A consultora Letícia Rodrigues destaca que a divulgação das informações já é um avanço. "A transparência e a atualização das informações, com a visibilidade dos compromissos e check-list do que já foi feito e aquilo que está em andamento, é algo positivo", diz a sócia-fundadora da consultoria Tree Diversidade.
Por outro lado, Letícia alerta sobre os cuidados que devem ser tomados no treinamento de lideranças. A empresa informa que 54% das lideranças no Brasil são negras. "Quem está tomando as decisões também tem de ter uma postura antirracista para que esse comportamento chegue até a ponta. Lembrando que é preciso trabalhar todas as lideranças, negras e não negras", avalia. De acordo com a empresa, foram realizadas 34 sessões de treinamentos sobre diversidade racial desde janeiro.
Deives Rezende Filho, ex-ombudsman do Itaú e CEO da consultoria Condurú, sentiu falta de mais informações sobre as ações para a inclusão efetiva, após o aumento da diversidade no quadro de funcionários. O especialista usa uma frase que se tornou um paradigma nas políticas afirmativas: "Diversidade é chamar para a festa, inclusão é convidar para dançar". "Não é difícil alcançar as metas de diversidade. E depois? Como incluir e fazer com que as pessoas evoluam?", afirma.
Especialistas afirmam que, além de facilitar a entrada de funcionários, as empresas devem criar formas de acolhimento, integração e planejamento de carreira. Essa é a inclusão de fato.
Nesse contexto, o especialista sugere a figura do mentor, que não está presente nas divulgações da empresa. "Seria interessante a presença de uma pessoa experiente que segure na mão do novo funcionário e fale sobre a cultura da empresa.

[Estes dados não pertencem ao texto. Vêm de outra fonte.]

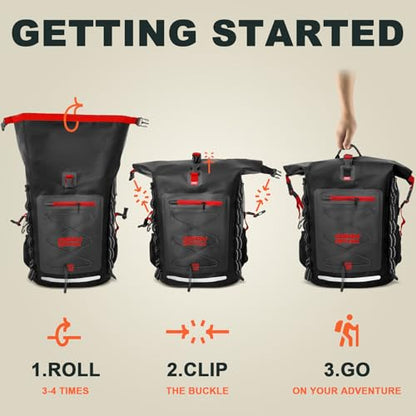 OSAH DRYPAK Waterproof Backpack Dry Bag 25L/35L/55L/85L – Heavy Duty Roll-Top Hiking Backpack Sack Keeps Gear Dry for Travel, Kayaking, Boating, Camping, Rafting and Fishing - color: Black Red, size: 35L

O mentor não deve ser o gestor direto, pode ser alguém de outra área", aconselha.
Os consultores são unânimes ao apontar que um dos grandes desafios é realizar o acompanhamento das medidas a longo prazo – eles avaliam que esse tipo de trabalho leva, no mínimo, um ano. "A implantação de um programa de diversidade não é uma corrida de 100 metros. É uma maratona", diz Deives.

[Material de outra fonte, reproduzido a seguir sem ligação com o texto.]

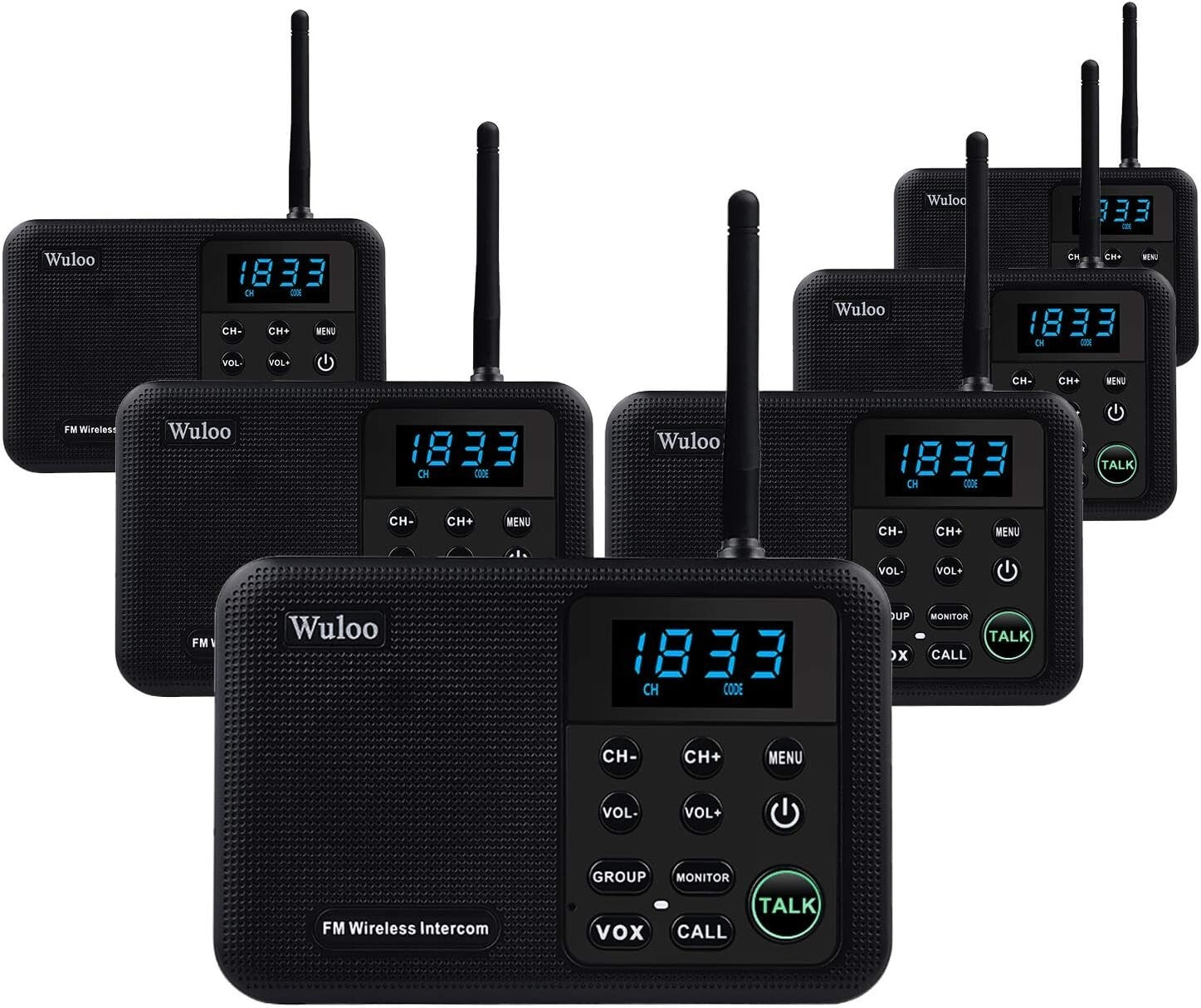 Wireless Intercom System for Home - 1 Mile Range, 6 Pack of Clear Communication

"Algumas medidas estão relacionadas à cultura da empresa, como a tolerância zero à discriminação. Por isso, elas precisam ser medidas a longo prazo. Uma coisa é imprimir uma agenda, outra é gerir a agenda. As medidas precisam ser mantidas e acompanhadas de forma independente e crítica", opina Ana Bavon, CEO da consultoria B4People Cultura Inclusiva.